She had hesitated because, though it saved her a mile, it was a cut that ran across the Priory woods, driving a broad grass-way through the heart of them, and rounding at one point the Priory garden itself. And yet—it was ridiculous to be late for tea, to involve oneself with an irritable aunt, just because her nearest way home skirted Justin’s property.... Would Justin be wandering in damp woods at this time o’ day—at his tea-time o’ day?... She knew Justin.... Besides, what should he do in the woods?

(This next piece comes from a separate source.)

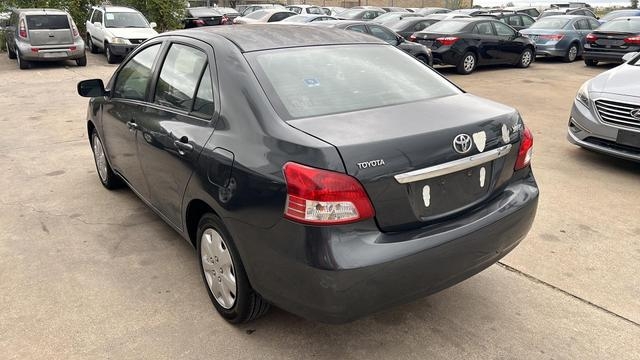 Toyota Yaris 2010 price $5,000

He didn’t collect birds’ eggs any more....
She turned into the shining chestnut thickets, for she knew the fox-ways of the undergrowth, and emerged again, breathless, briar-whipped, into the green, central glade, where the grass was twenty feet wide and the white violets grew. This was her undoing. Laura could never resist flowers. If Laura were being ferried over to hell she would still have plunged to the elbow in the Styx, I think, after its blotched lilies—and these were violets, English and very sweet. And they were the first of the year. Do you think there is any one too old and too sad to pick white violets when they get the chance?

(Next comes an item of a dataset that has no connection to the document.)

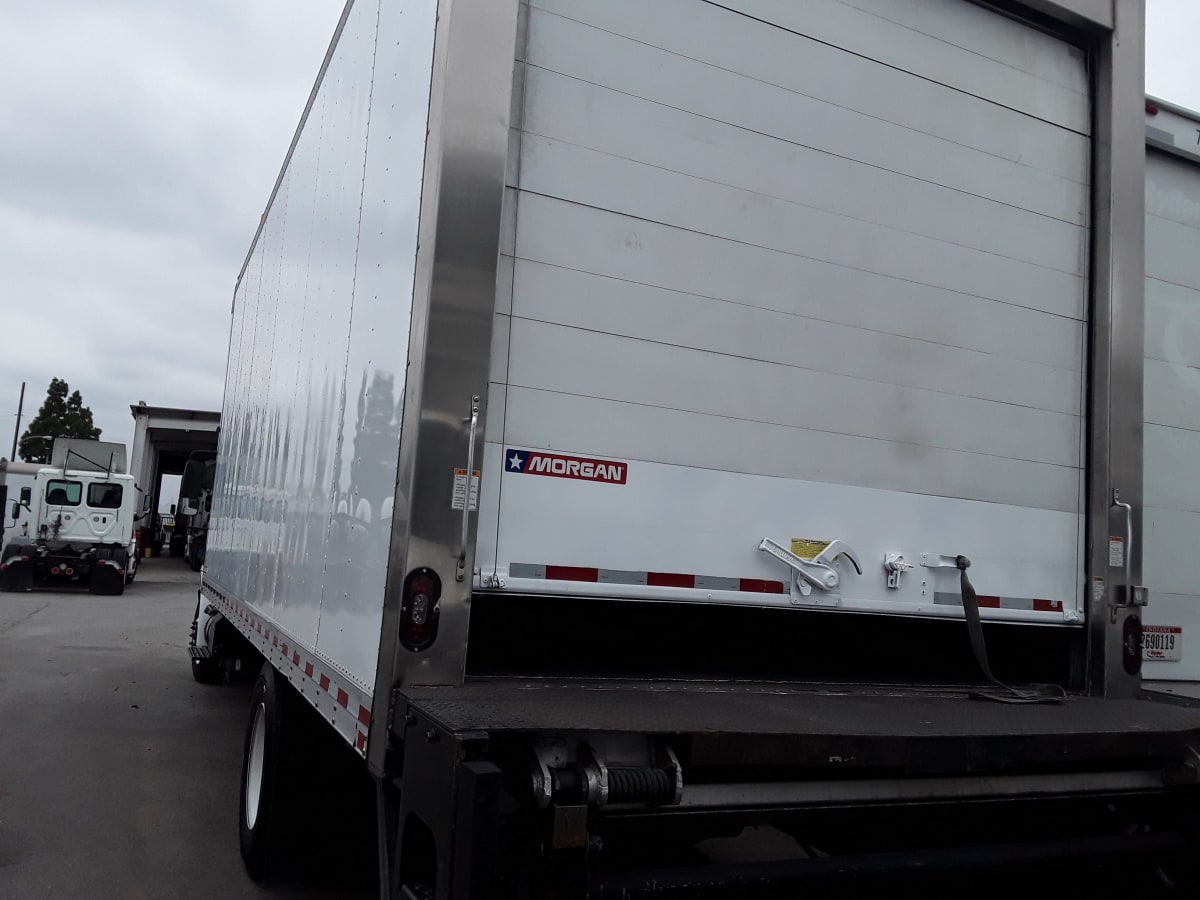 2017 Navistar International 4300 674709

Laura was sad enough, but she was only twenty. Forgetting her hurry, she stooped down and began picking violets.
There were so many of them that the ground was soon covered with tiny short-stalked bunches, tied up with Aunt Adela’s khaki knitting wool.
The soft spring air was like new milk after the close, people room she had left. The scent of the violets pleased her. Each flower as she picked it sent its ghost, like a little white thought, into her mind, to soothe and heal and sweeten it. She was so blessedly absorbed, and the grass was so thick and mossy, that she heard nothing, neither footsteps nor creak of boots, till a voice, a familiar voice, spoke above her.

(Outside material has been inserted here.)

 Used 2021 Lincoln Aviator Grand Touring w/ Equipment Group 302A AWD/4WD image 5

“Why, Laura!” said the voice.
She was on her feet in an instant, but she was badly startled. For, after all her reckonings, it was Justin—Justin, taking like herself his short cut through the woods to his tea—Justin, whom she had not seen for nearly a year—Justin, who was never going to speak to her again.
She gave him a wavering, frightened smile—a smile that deprecated its own existence, that assured him that it held no graceless hint of welcome or intimacy, that it continued merely as the only salutation that the lips on which it trembled could at the moment attempt. And with that faded again and left a white face whiter.
“Why, Laura!” repeated the miraculous Justin, in the kind, solemn voice that had not altered for all her wickedness, for all the war.
She found hurried words in which to answer, excusing herself when there was no need.